Os recursos direcionados ao ODS 11 cresceram 67,4% no período, totalizando R$ 2,7 bilhões. É evidente a alta concentração de recursos na infraestrutura tradicional, em obras de pavimentação e saneamento. Infraestruturas relacionadas à energia elétrica, relacionadas a iluminação pública e a placas fotovoltaicas, receberam 6,5% dos recursos.
Uma das instituições pioneiras na oferta de linhas de crédito que têm aspectos ambientais como critério de seleção é o Banco de Desenvolvimento de Minas Gerais (BDMG). “Participamos de eventos internacionais sobre sustentabilidade ainda quando o tema não era tão falado por aqui”, afirma o presidente do BDMG, Gabriel Viégas Neto.
O objetivo do BDMG, segundo o representante, é que os desembolsos estejam alinhados a pelo menos um ODS. Em 2024, de janeiro a julho, 52% dos financiamentos do banco cumprem essa meta. “As linhas com foco em sustentabilidade buscam fazer com que as prefeituras também se preocupem com o tema”, defende Viégas Neto.
A diretora de Socioambiental do BNDES e ex-ministra do Desenvolvimento Social e Combate à Fome, Tereza Campello, diz que as linhas ofertadas aos municípios cobram, quase em sua totalidade, o atendimento a aspectos de sustentabilidade ambiental e social. “Buscamos transformar permanentemente as cidades, ajudando a superar seus desafios urbanos históricos e preparando-as para o futuro”, afirma. Entre os projetos financiados pelo banco estão aquelas para a troca de iluminação pública por led, substituição de ônibus a diesel por elétricos e construção de linhas de metrôs e trens.
Entre outros exemplos de ofertas por agências e bancos de fomento com critérios ambientais estão as linhas como a de “Municípios Sustentáveis”, da Agência de Fomento do Estado da Bahia (Desenbahia) e da Agência de Fomento do Estado de São Paulo (Desenvolve SP).

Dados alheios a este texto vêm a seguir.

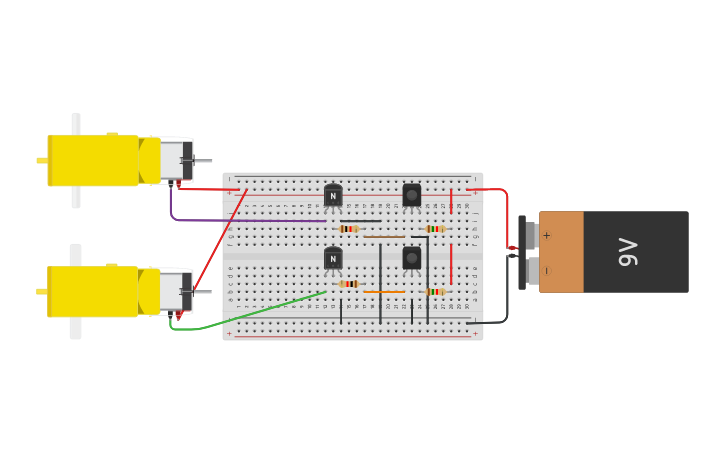 Circuit design Line Follower Robot - Tinkercad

O Banco Regional de Desenvolvimento do Extremo Sul (BRDE) oferece nove linhas específicas com critérios ambientais, entre elas: Mobilidade Urbana, Iluminação Pública, Gestão Pública, Água e Saneamento Público, Gestão de Resíduos e Reciclagem; Cidades Sustentáveis e Indústria e Comércio Sustentáveis.
Ritmo de adaptações
A demanda de adaptação de projetos para que se atenda a agenda verde foi uma mudança de paradigma para gestores, conforme observa o secretário-executivo adjunto da FNP, Jeconias Júnior. “Incluir a questão climática é essencial para desenvolver cidades com infraestruturas resilientes e ambientalmente adequadas”, considera.

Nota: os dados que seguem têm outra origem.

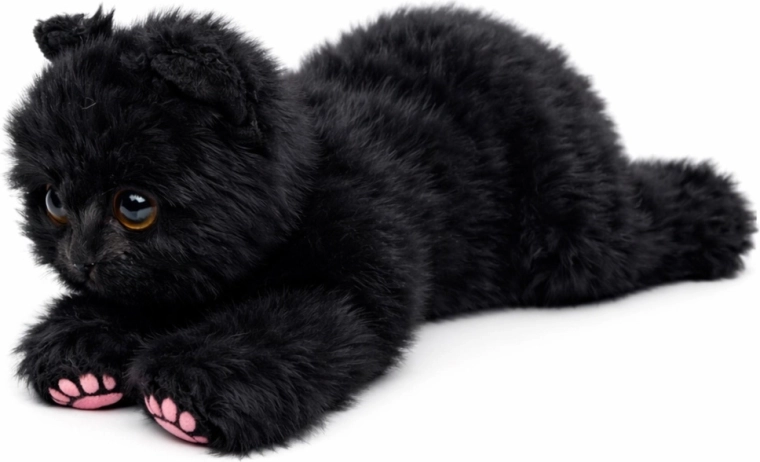 Plüschkatze liegend schwarz 38 cm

Uma preocupação nesse processo, destaca Celso Pansera, é de que se tenha cautela para observar os diferentes níveis de maturidade das gestões municipais. “A consciência sobre iniciativas sustentáveis é mais evidente em cidades grandes. Em pequenos municípios, que enfrentam problemas ainda mais urgentes, a sustentabilidade ainda não é uma prioridade”, afirma, ao defender uma progressividade.

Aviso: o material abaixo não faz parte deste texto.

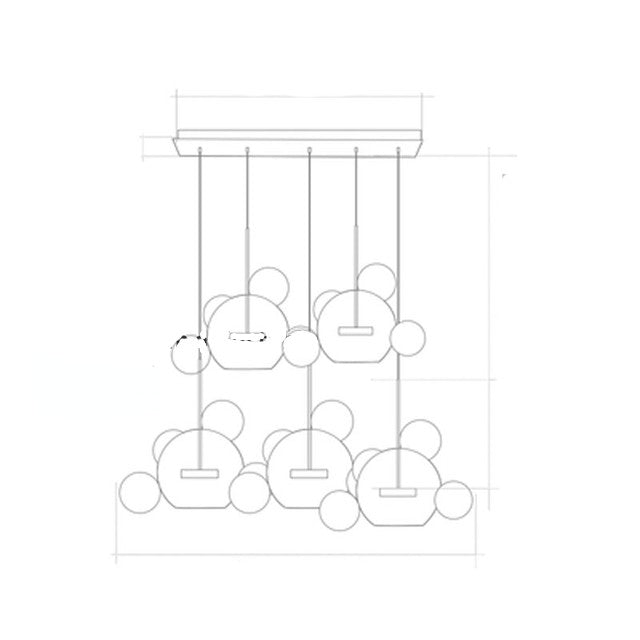 Mickey Bubble Glass Chandelier LED – Modern Living Room, Bedroom & Dining Light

Para acelerar essa consciência entre as prefeituras, o representante da FNP diz que vale a máxima de que há eficácia de se “mexer no bolso” de gestores. “As linhas de crédito, para serem educativas nesse sentido, precisam ser mais vantajosas. Precisa ter taxas diferenciadas para financiar estruturas que sejam verdes, que sejam voltadas à resiliência. Isso vai educar”, avalia.